Egg and cress is the sandwich that the British packaged-lunch shelf is built around, and the thing that defines this version is the cabinet, not the kitchen. The filling is the same constant as every egg sandwich, bound chopped egg with peppery mustard cress through it, but here it is engineered to hold for hours behind glass rather than to be eaten the hour it is made. That single requirement changes the build. The cress is folded into the bound egg instead of layered as a fresh green, because a layer of shoots laid against bread wilts and weeps in a chiller and a triangle has to look the same at four in the afternoon as it did at eight in the morning. The cress is still doing its job, the pepper and the fine texture against the soft egg, it is just doing it from inside the mixture.

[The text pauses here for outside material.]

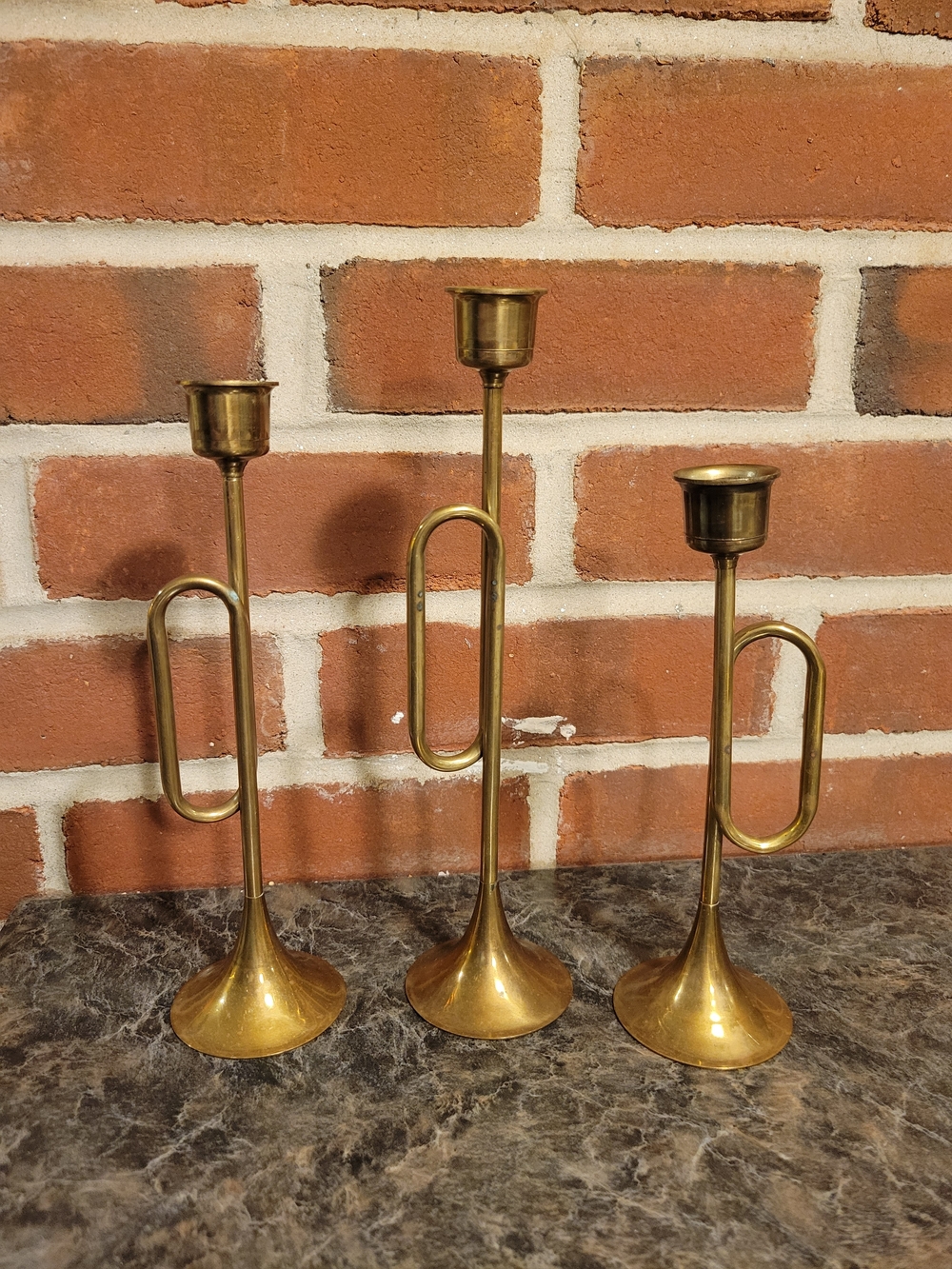 Vintage Brass Trumpet Candle Holders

The craft is moisture control under storage, which is a harder problem than freshness. The egg is bound tight, slightly firmer than you would make it for a sandwich eaten straight away, because mayonnaise loosens and migrates over hours and a filling that was correct at assembly goes to a slick by lunch. The bread is a soft sliced white chosen to hold its structure cold rather than for flavour, the butter or spread taken to the very edges to waterproof the crumb against a filling designed to sit against it for a working day, and the sandwich is cut into the wedge that fits the carton and shows a clean face through the film. Everything is calibrated to the worst case, the sandwich bought late in the day, not the one eaten fresh from the kitchen.
The variations are the rest of the bound-egg shelf met in the same packaged form: egg mayonnaise without the cress, egg and tomato with its bleed problem managed by a barrier, egg and bacon for the breakfast register. The made-fresh round of this same sandwich, cress green and layered, is its own thing with its own rules. Each deserves its own article rather than being crowded in here.